Der BF ist mit den Traditionen von Afghanistan noch sehr vertraut und zeigt eine hohe Bindung zu der paschtunischen Kultur. Im Strafregister der Republik Österreich scheint keine strafrechtliche Verurteilung des BF auf. Er ist unbescholten.

2. Beweiswürdigung:

Der Verfahrensgang ergibt sich aus den zur gegenständlichen Rechtssache vorliegenden Verfahrensakten des BFA und des BVwG. Auf Grundlage des gegenständlich erhobenen Antrages auf internationalen Schutz, der Erstbefragung und Einvernahme des BF durch Organe des öffentlichen Sicherheitsdienstes sowie des BFA, der Beschwerde gegen den im Spruch genannten Bescheid des BFA, der im Verfahren vorgelegten Dokumente, der mündlichen Verhandlung vor dem BVwG (insofern eine mündliche Verhandlung stattgefunden hat), der Einsichtnahme in den Bezug habenden Verwaltungsakt, das Zentrale Melderegister, das Fremdeninformationssystem, das Strafregister und das Grundversorgungs-Informationssystem werden folgende Feststellungen getroffen und der Entscheidung zugrunde gelegt.

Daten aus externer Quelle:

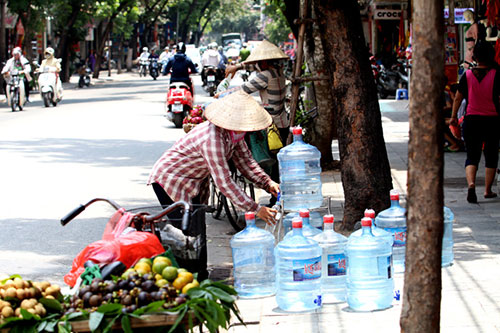 Trung Bộ ngày nắng nóng trên 40 độ C, vùng núi Bắc Bộ chiều tối có mưa dông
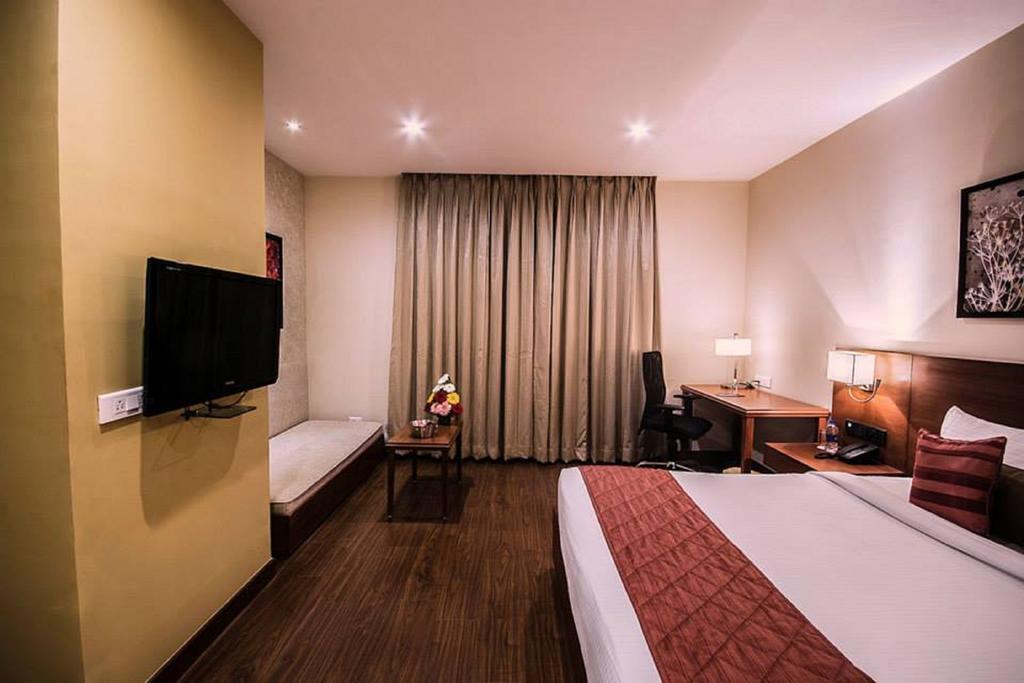 The Altruist Business Hotel Hitech Хайдарабад Номер фото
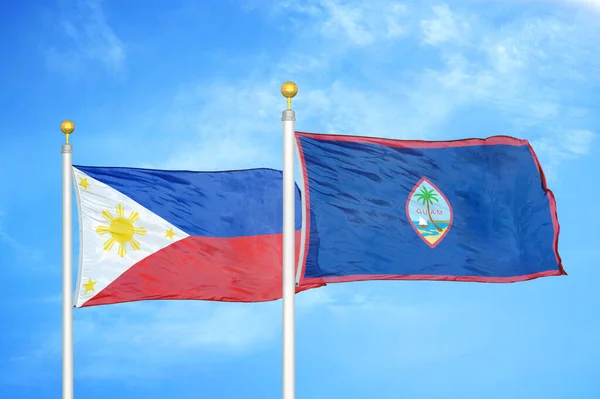Filipinas Guam Dos Banderas Sobre Asta Bandera Fondo Azul Cielo — Foto de Stock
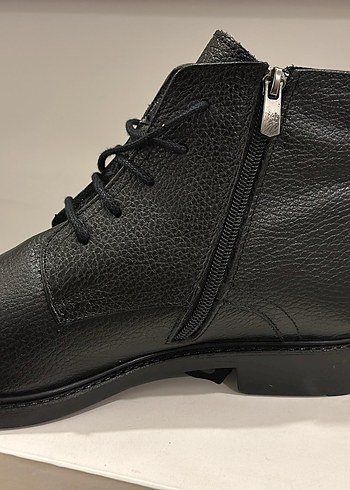 Siyah erkek bot - Görsel 3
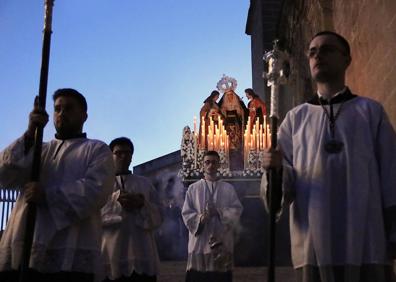Imagen secundaria 1 - Estampas de la Virgen de las Lágrimas y del Cristo de la Noche Oscura del año pasado.
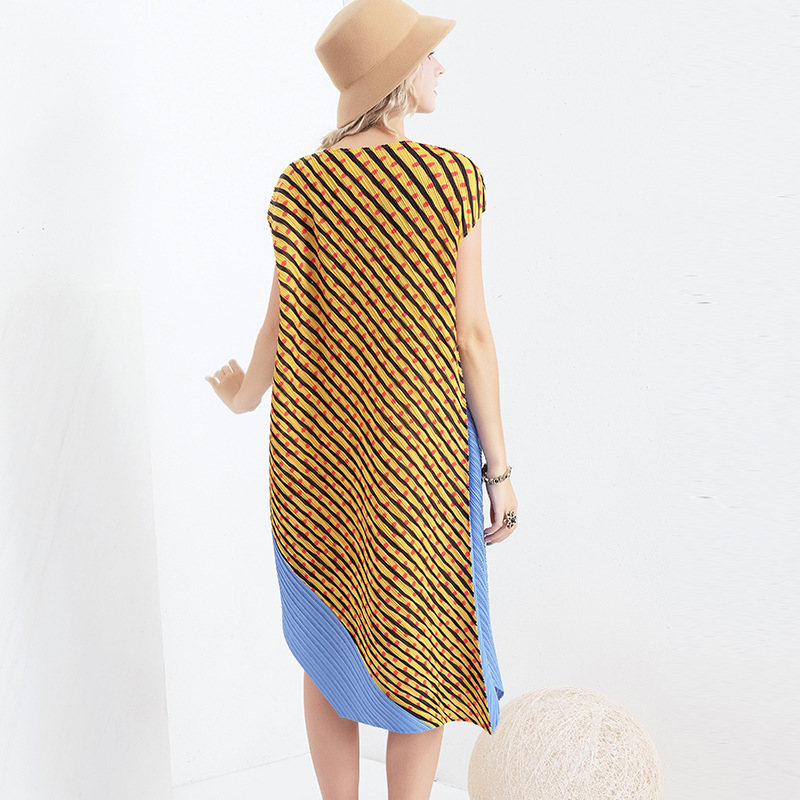 Summer Fashion Pleated Dresses For Women Hit Color Striped Patchwork Irregular Wave Short Sleeve Clothes YH926 210526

2.1.    Zum sozialen Hintergrund des BF:

2.1.    Zu den Feststellungen zur Person des Beschwerdeführers

Die Feststellungen zum Namen und Geburtsdatum des Beschwerdeführers ergibt sich aus seinen dahingehend übereinstimmenden Angaben im behördlichen und gerichtlichen Verfahren. Der Beschwerdeführer ist mangels anderslautender Unterlagen gesund. Die sonstigen Feststellungen ergeben sich aus den Angaben des Beschwerdeführers im Laufe des Verfahrens sowie den hierfür vorgelegten (und insoweit unbedenklichen) Urkunden.

Das er mit den Traditionen aus Afghanistan noch sehr vertraut ist, ergibt sich ausfolgenden Punkten:

Er ist nach wie vor verlobt, obgleich er seine zukünftige Frau noch nicht gesehen hat und obgleich die ihm wichtigen Personen, welche Interesse an der Hochzeit haben, verstorben (angeblich seine Mutter, welche die Hochzeit arrangiert habe) sind oder er – nach seiner Schilderung – keinen Kontakt mehr mit ihnen hat. Er hat nach seinen Angaben keinen Kontakt zu seiner Familie, das Schicksal seines jüngeren Bruders ist ihm mehr oder minder gleichgültig, aber zu einer fremden Familie und einer Frau die er noch nie gesehen hätte, zu der fühle er sich verpflichtet. Dass ist mit den logischen Denkgesetzen nicht nachvollziehbar und schon gar nicht ist diese Haltung einem Paschtunen zuzuschreiben, dies er vorgibt zu sein.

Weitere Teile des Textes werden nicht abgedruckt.